Many people pass them by, but it’s worth taking a closer look.
There are a surprising number of birds.
Here are some of the best.
A chicken that’s but a shell of its former self.
This is an inspired chicken. The judges gave it a well-deserved blue ribbon.
The head, close up.
Quahog head, jingle/toenail shell eyes and comb, crabclaw beak. Mighty fine. Notice that orange shells were selected to start the comb. If I read the entry tag correctly, congratulations go to Emily Boyd.
There is a blue bird.
Blue bird. Blue sky. This is a sweet portrait. By Diana Tackabury.
Wouldn’t you say that these eggs have to be the eggs of the blue bird?
This young person sees well…notice the highlights on the eggs. By Madelyn Wiener.
In the “works of paper” department, we have the owl family.
The colors are great. These owls have big personalities. A Miro-worthy effort?

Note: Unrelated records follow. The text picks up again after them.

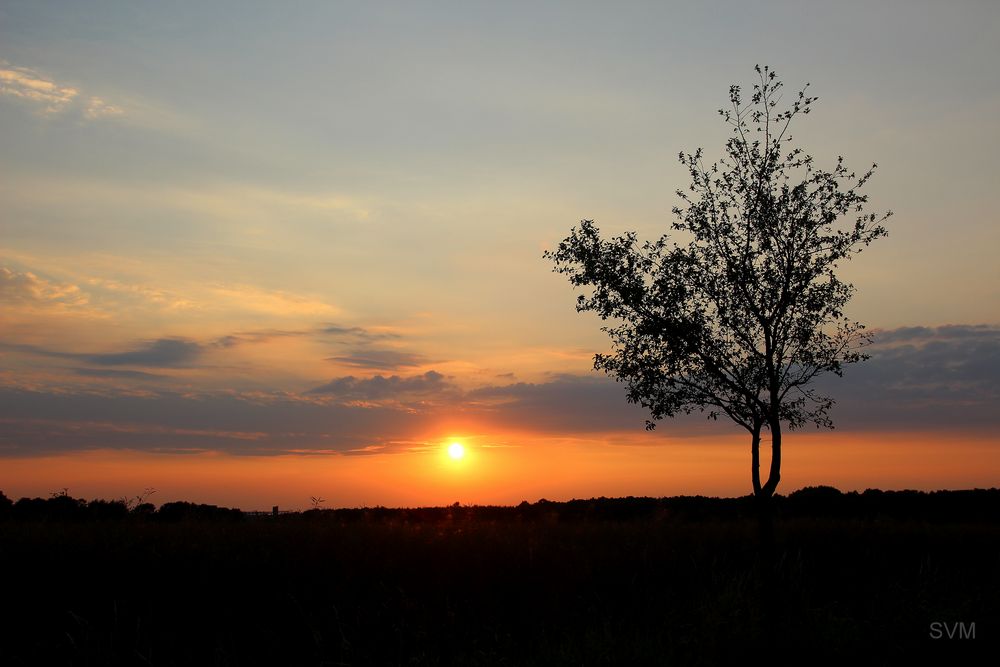 Sonnenuntergang heute Abend zwischen Gleina und Klix im Kreis Bautzen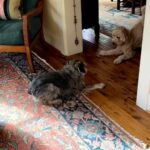 Allison Janney Instagram - These two again😂…they love to live on the verge of playing together🤣!! @indigorosethedoodle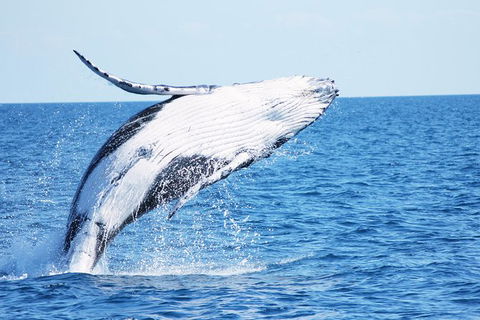 Three-Quarter Day Hervey Bay Premium Whale Watching Cruise - Cruises Travel 12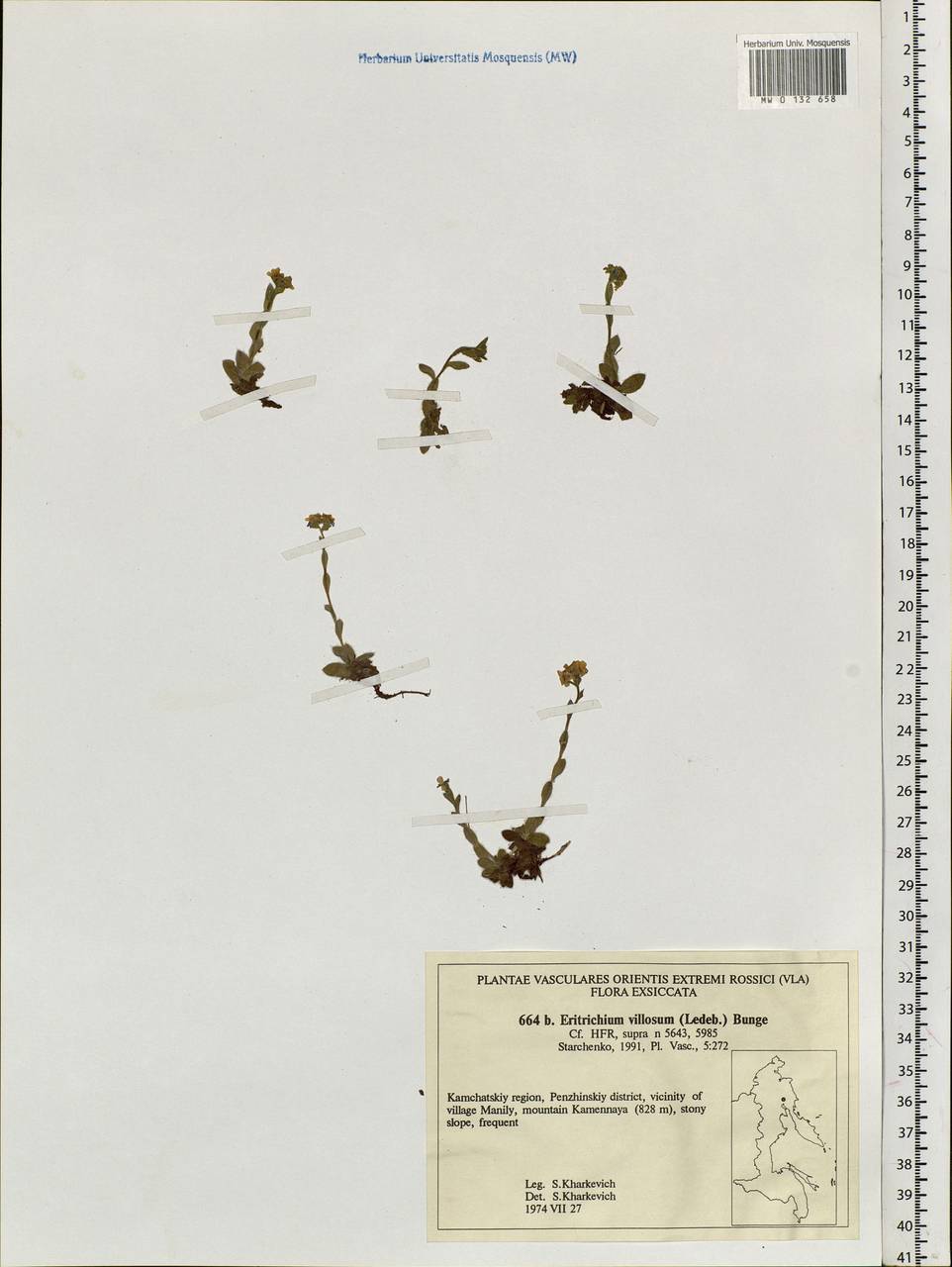 Eritrichium villosum (Ledeb.) Bunge, Siberia, Chukotka & Kamchatka (S7) (Russia)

The eagle. By Klara Reimann.
It would be nice to know more about this eagle. Is the one leg an accident of a young artist, or did the eagle have one leg? The more you look at this bird the more interesting it gets. Notice the blues mixed into the whites of the snow.
Childhood art is full of instinctive and joyful use of color and pattern.
Many artists struggle for a lifetime to reclaim that viewpoint. How often have you heard that first you learn the rules and then you can learn how to break them?
This is Holden Brew’s red-tailed hawk.
You might ask, of the next picture, “What is that?”, or, “Is that a bird?”.
Enjoy the spot-on painted environment that surrounds this creature.
Don’t you feel that paint?
Don’t you now know better what it’s like to sit inside a bush?
This bird is a product of total concentration, total involvement.
It’s chicken time, folks.
Courtesy of Shiloh Hammarlund.
Total information is not necessary. There was no need to draw what this chicken is looking at. This is chicken gaze.
Is this last bird not a gem?
I’m not going to presume for a second that it needs comment at all.
From the brush of Lucy Anderson.
Except to say that I hope it ends up in a really nice frame, on someone’s wall.